Nicht alle hier tragen Masken
Woran misst er den Erfolg der diesjährigen Ifa? Man wolle, sagt Heithecker, die Botschaft aussenden, dass man auch unter Corona-Bedingungen Messen veranstalten kann. «Wir wollen zeigen, dass Messen keine Konzerte oder Partys sind, wo Menschen unkontrolliert zusammenkommen, sondern dass wir das sehr kontrolliert gestalten können», sagt er. Wenn das erst einmal bewiesen sei — vielleicht sogar, dass man an manchen Stellen gar zu vorsichtig war — sei das «ein ganz wichtiges Zeichen, das wir nach draußen senden».
Draußen, damit meint er die Öffentlichkeit, der man «wieder ein gewisses Vertrauen in Formate wie Messen mitgeben» wolle. Er meint die Stadt Berlin und die Region, in der viele Arbeitsplätze an der Messe hängen, auch in Hotels und Taxiunternehmen. Und er meint die eigenen Mitarbeiter, die unter ungewissen Rahmenbedingungen versuchten, die kommenden Messen vorzubereiten, und von denen «der eine oder andere vielleicht auch persönliche Ängste hat».
Auf der Bühne sagt Heithecker am Morgen zur Begrüßung des Publikums: «Die Tatsache, dass wir uns hier heute treffen, gibt uns wenigstens ein Stück Normalität zurück.» Gut 600 Stühle stehen vor ihm, im Abstand von 1,5 Metern, etwa zwei Drittel sind besetzt. Nicht alle hier tragen Masken.
Doch schon die anschließende Keynote von Qualcomm-Präsident Cristiano Amon zeigt, wie weit die alte Normalität entfernt ist. Amons Vortrag über 5G, neue Prozessoren und die zunehmende Vernetzung der Welt wird nur als Aufzeichnung auf den Leinwänden gezeigt. Gegen Ende der Rede ist die Halle fast leer. Die Überdimensionierung führt einerseits zu traurigen Anblicken auf dem Messegelände, andererseits fällt die Einhaltung des Abstandsgebots dadurch tatsächlich leicht.
Auch an den Ständen ist wenig los. Huaweis Präsenz ist noch vergleichsweise stattlich, sieht aber ohne das gewohnte Publikum aus wie ein leergefegtes Smartphone-Geschäft. Gegenüber bei Satisfyer herrscht hingegen ein gewisser Betrieb. Es ist das erste Mal, dass der Sexspielzeug-Hersteller auf der Ifa präsent ist, und vor allem TV-Teams kommen gern vorbei. Annika Traumann, die den Satisfyer-Verkauf in Westeuropa leitet, wirkt nicht unzufrieden: «Ich glaube, es lohnt sich schon, auch für die anderen Marken hier. Der Hunger nach Neuheiten wächst, weil aktuell so wenig los ist in der Wirtschaft. Warum soll man aufhören, sich zu präsentieren, nur weil es ein bisschen kleiner ausfällt?»

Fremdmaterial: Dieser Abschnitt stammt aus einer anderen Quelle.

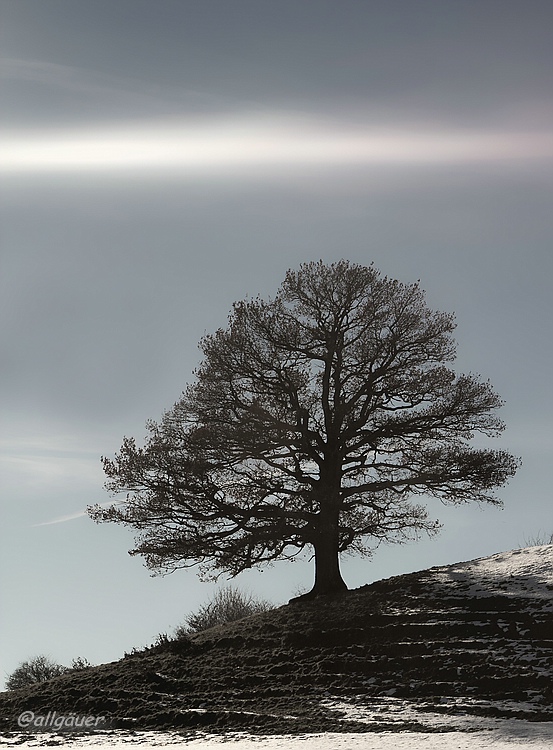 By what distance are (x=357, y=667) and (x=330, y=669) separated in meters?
0.63

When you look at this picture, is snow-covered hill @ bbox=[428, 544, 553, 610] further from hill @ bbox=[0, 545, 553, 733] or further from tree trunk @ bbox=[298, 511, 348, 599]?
tree trunk @ bbox=[298, 511, 348, 599]

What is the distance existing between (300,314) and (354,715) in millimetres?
15366

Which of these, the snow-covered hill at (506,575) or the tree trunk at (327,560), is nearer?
the snow-covered hill at (506,575)

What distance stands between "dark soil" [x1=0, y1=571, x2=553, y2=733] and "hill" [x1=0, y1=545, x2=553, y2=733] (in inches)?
1.4

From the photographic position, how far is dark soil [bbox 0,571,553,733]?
15078mm

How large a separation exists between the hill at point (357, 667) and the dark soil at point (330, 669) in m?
0.04

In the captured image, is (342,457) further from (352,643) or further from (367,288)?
(352,643)

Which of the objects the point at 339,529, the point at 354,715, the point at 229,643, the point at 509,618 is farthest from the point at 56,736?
the point at 339,529

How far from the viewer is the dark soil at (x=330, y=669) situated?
49.5 feet

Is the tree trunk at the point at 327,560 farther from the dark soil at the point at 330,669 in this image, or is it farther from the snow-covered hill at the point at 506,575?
the snow-covered hill at the point at 506,575

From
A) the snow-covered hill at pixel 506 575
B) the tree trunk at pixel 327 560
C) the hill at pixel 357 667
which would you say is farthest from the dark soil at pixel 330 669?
the tree trunk at pixel 327 560

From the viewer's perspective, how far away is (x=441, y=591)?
74.4 feet

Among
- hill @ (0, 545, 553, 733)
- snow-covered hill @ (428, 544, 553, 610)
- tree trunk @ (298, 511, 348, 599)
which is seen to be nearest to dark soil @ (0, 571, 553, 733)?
hill @ (0, 545, 553, 733)

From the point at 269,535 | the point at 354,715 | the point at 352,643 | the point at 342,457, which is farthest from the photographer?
the point at 342,457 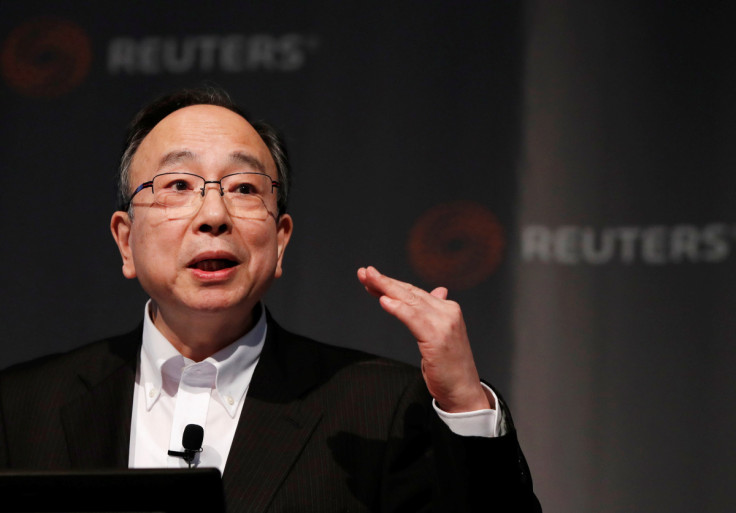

Im CityCube suchen derweil kleine Firmen nach Aufmerksamkeit und Geschäftspartnern. Future Candy versucht es mit einem 3D-Drucker, der echte Schokolade zu beliebigen Schriftzügen verarbeitet und noch in diesem Jahr an Konditoren oder Hotels verkauft werden soll. The Little Cat aus Südkorea wiederum hat ein Laufrad entwickelt, auf dem übergewichtige Hauskatzen abnehmen sollen, Fitnessdatenauswertung per App inklusive. «Es sind nur wenige Menschen da», sagt Sooahn Kim von The Little Cat, «aber morgen und Samstag wird es bestimmt besser».